Cell viability assays were subsequently performed and the viability showed was greater than 95% for all the treatment groups. Moreover the cell viability observed for the AHL was similar to that of the non-treated controls. These results indicate that AHL at the concentrations tested are not cytotoxic to RAW 264.7 cells macrophages (Fig. 3). Macrophages produce several pro-inflammatory mediators interleukin-1b, tumor necrosis factor-a, or NO (Beutler, 1999). The process of acute inflammation is initiated by resident immune cells already present in the involved tissue, mainly resident macrophages, dendritic cells, histiocytes, Kupffer cells and mast cells. We first investigated the inhibitory influence of A. helianthus and assessed the anti-inflammatory effect in LPS-stimulated RAW 264.7 cells as an in vitro model. Production of NO was detected following the treatment with various concentrations of AHL. AHL showed dose-dependent inhibition of LPS-induced NO production at 200 μg/mL (44%). In contrast, pretreatment of cells with AHL led to a significant decrease in LPS-induced NO production (Fig. 4).

Fig. 4

NO production in LPS – induced Raw 264.7 cells.
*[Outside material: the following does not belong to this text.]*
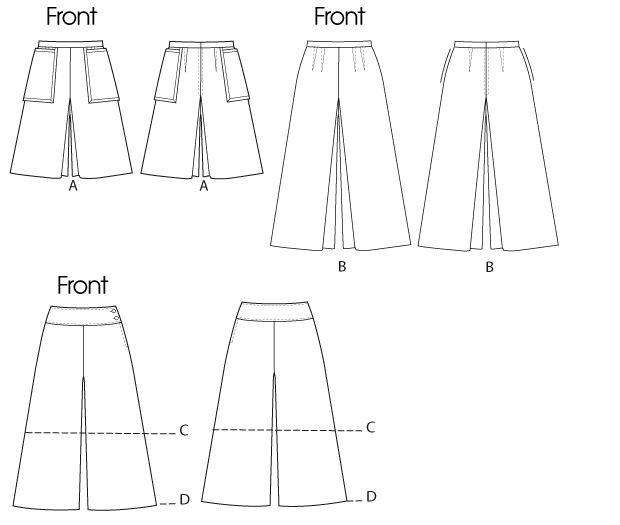 Butterick 5681 Misses' Culottes sewing pattern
NO production of AHL in Raw 264.7 cells treated with or without LPS (1 μg/mL) for 24 h. All values are means ± SD from three independent experiments. (###P < .001; significant effect between the control without LPS and control with LPS. ∗P < .1, ∗∗P < .001; significant effect between the control with LPS and treated extract with LPS.) AHL: Extract of Aurea helianthus leaves.

Previous research did not demonstrated the presence of antioxidants in different from the A. helianthus, which are being used in China as traditional and modern medicinal herbs and supplements. The yield, total polyphenolic and flavonoid content, and the antioxidant properties in vitro of AHL extract has not been reported. These results remain important as the first step in screening the antioxidant activity of A. helianthus.

Conclusion

In vitro antioxidant activity represents only a status in the basic assessment of A. helianthus pharmacological activity. Further evaluation of specific flavonoid present in the leaf is ensured. Evaluation of the antioxidative properties of AHL in vivo is needed to ensure functionality and long term safety.